Friday September 28, 2007
Easy to use. It’s an interesting phrase that means absolutely nothing. However, it gets bandied about with reckless abandon by marketers, stakeholders, developers, and designers alike. It’s not the only over-used meaningless phrase, but it’s right near the top. It really needs to stop.
Just as a car company wouldn’t brag that they offer round steering wheels or tires, a decent software company shouldn’t brag about ease of use. If it has to be said, it’s just not true.
Easy to use? According to whom? Who is the arbiter of the “easy-to-use” designation? Certainly, the developer’s sense of ease is different from that of my parents or grandparents. Even if it had meaning, it would mean something different to everyone.
Of course, it’s not news that marketing can be meaningless, but this phrase in particular concerns me. It implies a mentality that ease of use is something special, when in fact, it should be a minimum requirement.
Just as a car company wouldn’t brag that they offer round steering wheels or tires, a decent software company shouldn’t brag about ease of use. If it has to be said, it’s just not true.
Features are statements of fact. “Easy to use” or “user-friendly” describe an individual’s perception. It’s laughable that someone could think that the phrase “easy to use” or any derivative could be a justifiable claim to make about their product.
Did Michael Jordan ever run around touting his basketball skills? Of course not. He didn’t need to.
“If it has to be said, it’s just not true.” Indeed. It’s not only laughable to call your product “easy to use,” its insulting to the individual who actually finds it very difficult; like “What’s wrong with you?”
Heh, I like Kraemer’s last statement :-P
Sometimes when consulting a client about a project I like to play the opposites game- so if this version is easy to use, is there a hard-to-use version? Or, “our brand promise is easy, efficient, and reliable.” Is there a brand out there who’s promise is hard, clumsy, and unreliable?
It sounds silly at first, but it really helps clients and stakeholders get past things that are expected as a competency of their product or brand and really focus on what is important and special
I agree . When people use the phrase “easy to use” in the “technology world”. Users of this phrase are targeting an audience that is plagued by many an application that is “hard to use”. The phrase infers “easier to use (than those other application you hate from those other vendors)”. To some end-users or buyers, this phrase still gives a fuzzy felling. Because consumers still have hard to use applications the idea of an easy to use application is still somewhat unique. In addition, corporations and organizations as cultures have some greater allowable level of what is “hard to use” in their business applications than say an average consumer with a personal app.

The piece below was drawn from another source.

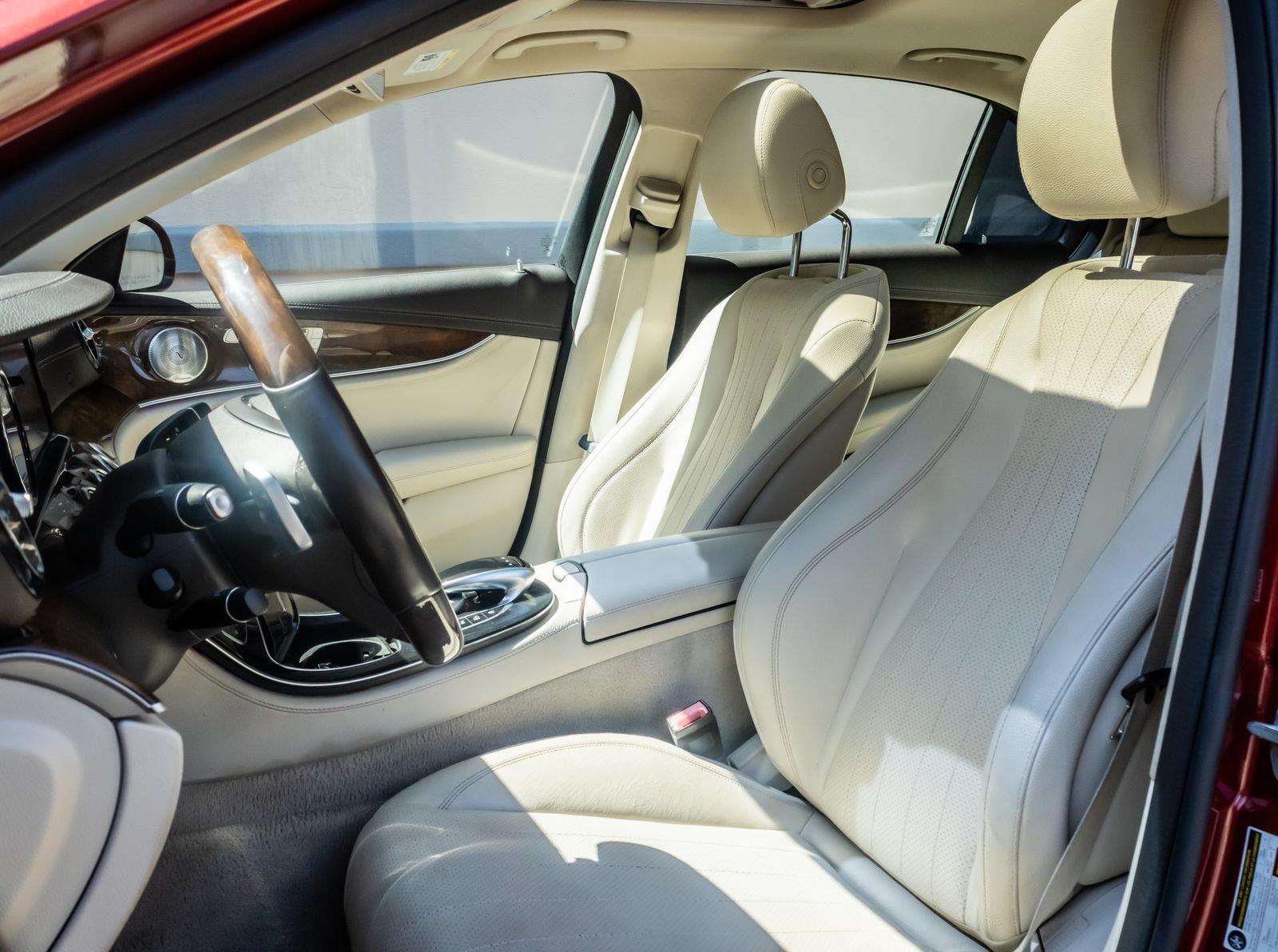 Used 2017 Mercedes-Benz E 300 4MATIC w/ Premium 1 Package image 12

To use your analogy , until the idea and actuality of “easy to use” in the case of applications, is as standard as round steering wheels in cars (that is, the existence of anything slightly off from this norm is totally unacceptable). The phrase will still resonate with some end-users and serve the motives of the people who use it.
One of the best ways to get out of the “weasel phrases” like “easy to use” is to ask how you can demonstrate it. For example, “9 out of 10 people new to the application are productive within 5 minutes of starting to use it.” Suzanne and James Robertson describe this notion of acceptance in their book Mastering the Requirements Process. The overall process is a bit waterfallish for my taste, but the content is really good none-the-less.